Figure 8. Inhibition of HIF-2α modestly affects VEGF expression in vitro but markedly reduces retinal NV in vivo.

(A) Representative retina flat mounts demonstrating the promotion of retinal NV at P17 in the OIR mouse model after daily i.p. injection (P12–P16) with the HIF-1 and HIF-2 inhibitor digoxin (0.5 mg/kg). (B) Expression of VEGF mRNA expression in MIO-M1 cells treated with increasing doses of PT2385 for 24 hours. (C) Binding of endogenous HIF-1β to HIF-1α or HIF-2α in MIO-M1 cells treated with the HIF-2–specific inhibitor PT2385 (at the specified doses) or vehicle (DMSO) and exposed to 20% or 1% O₂ for 24 hours was detected by co-IP. (D) Expression of Vegf mRNA expression in retina from OIR mice after daily i.p. injection (P12–P16) with digoxin. (E) Representative retina flat mounts demonstrating the inhibition of retinal NV at P17 in the OIR mouse model after daily oral gavage (P13–P16) with PT2385 (30 mg/Kg) or vehicle. (F) Quantitation of retinal avascular area (left) and retinal NV (right) at P17. (G) Expression of Vegf mRNA expression in retina from OIR mice after daily oral gavage (P12–P16) with PT2385. (H) IF of primary retinal Müller cells isolated from mice demonstrating expression of key Müller cell markers, vimentin (above) and GS (below). (I) Expression of Vegf mRNA expression in primary mouse Müller cells treated with PT2385 (at the specified doses) for 16 hours.

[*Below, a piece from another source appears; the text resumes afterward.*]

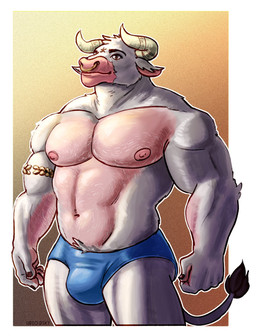 2_horns 5_fingers anthro areola armlet biceps biped blue_clothing blue_speedo blue_swimwear border brown_eyes bulge clothed clothing facial_piercing fingernails fingers forearm_muscles front_view fur horn male muscular muscular_anthro muscular_male nails navel nipples nose_piercing nose_ring pecs piercing pink_body pink_nipples pink_nose pink_skin pube_peek pubes ring_piercing simple_background soft_abs solo speedo standing swimwear swimwear_only tail ventral_groove white_body white_border white_fur white_horn white_tail yellow_background ubio european_mythology greek_mythology minotaur_hotel mythology asterion_(minotaur_hotel) bovid bovine mammal minotaur 2025 digital_drawing_(artwork) digital_media_(artwork) hi_res signature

Data are shown as mean ± SD. Statistical analyses were performed by 1-way ANOVA with Bonferroni’s multiple-comparison test (B and G), 2-way ANOVA with Bonferroni’s multiple-comparison test (D and I), or 2-tailed unpaired Student’s t test (F). *P < 0.05; **P < 0.01; ***P < 0.001; ****P < 0.0001. Scale bars: 500 μm (A and E).